## What is needed
The answer must be an exact copy of the lines from the one with "best-urologist-near-me-ahmedabad-gota" through the final line below, with no pictures and nothing else.

..............................

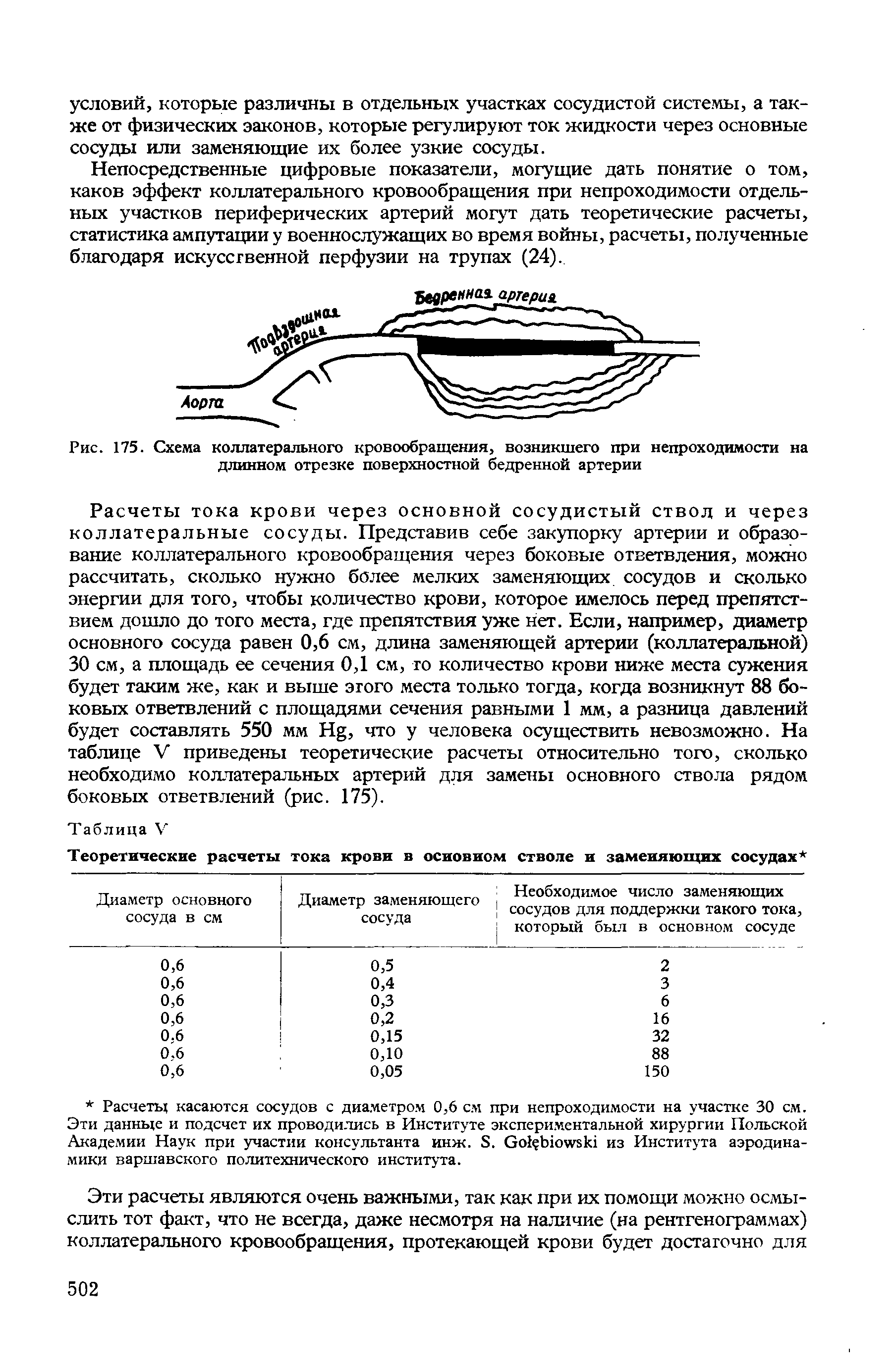 Рис. 175. Схема коллатерального кровообращения, возникшего при непроходимости на длинном отрезке поверхностной бедренной артерии...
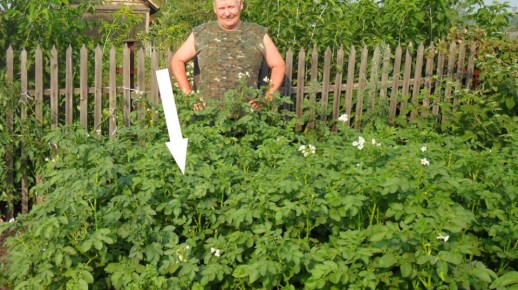 ������ � ������: ������, ��� ������ ������ �� �����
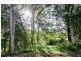 431 Blackall Range Road, West Woombye QLD 4559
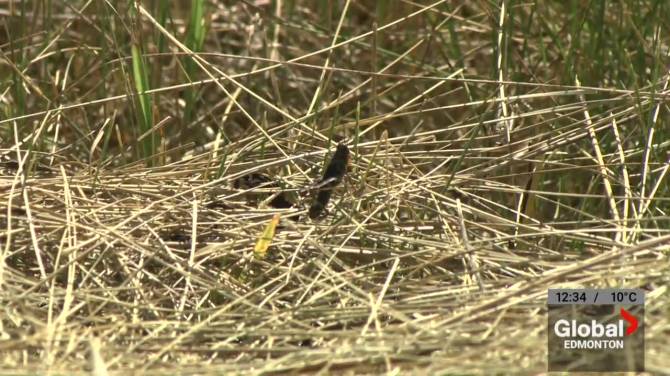 Click to play video: Prairies may see summer of 2024 grasshopper increase amid drought conditions, mild winter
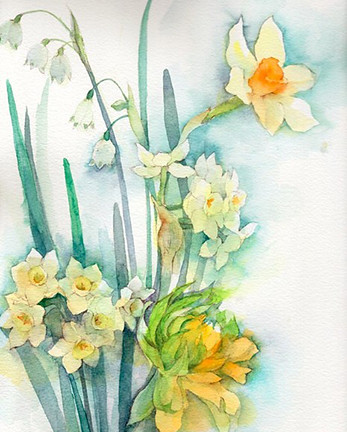 Daffodils and summer snowflake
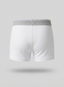 Boca Boxer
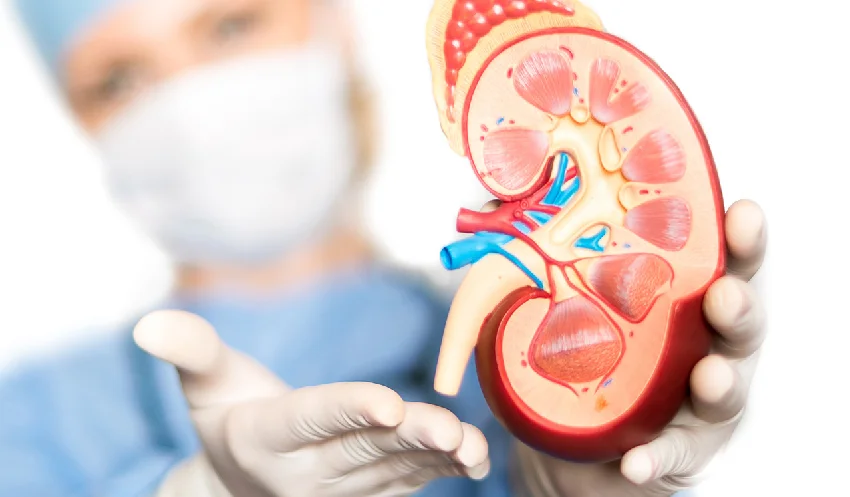 best-urologist-near-me-ahmedabad-gota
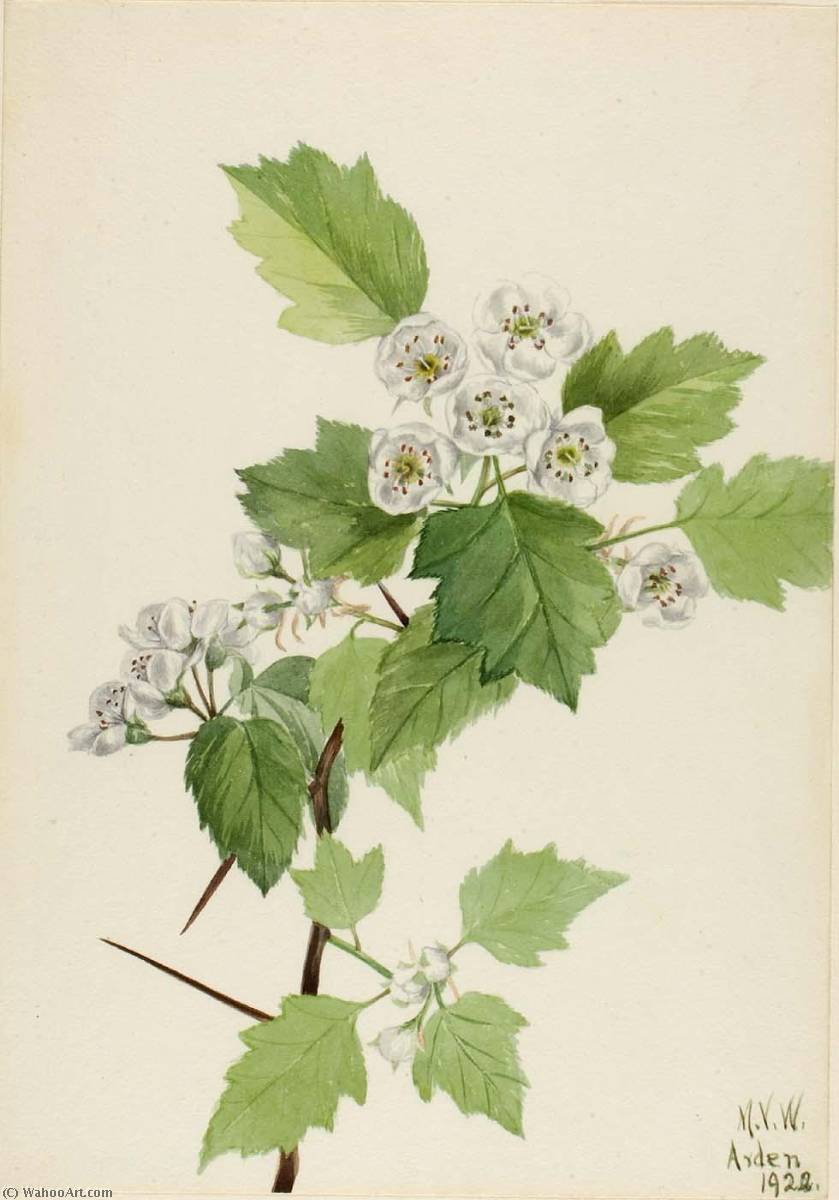 Thicket Hawthorn (crataegus Coccinea) — Mary Vaux Walcott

..............................

## Solution below
 best-urologist-near-me-ahmedabad-gota
 Thicket Hawthorn (crataegus Coccinea) — Mary Vaux Walcott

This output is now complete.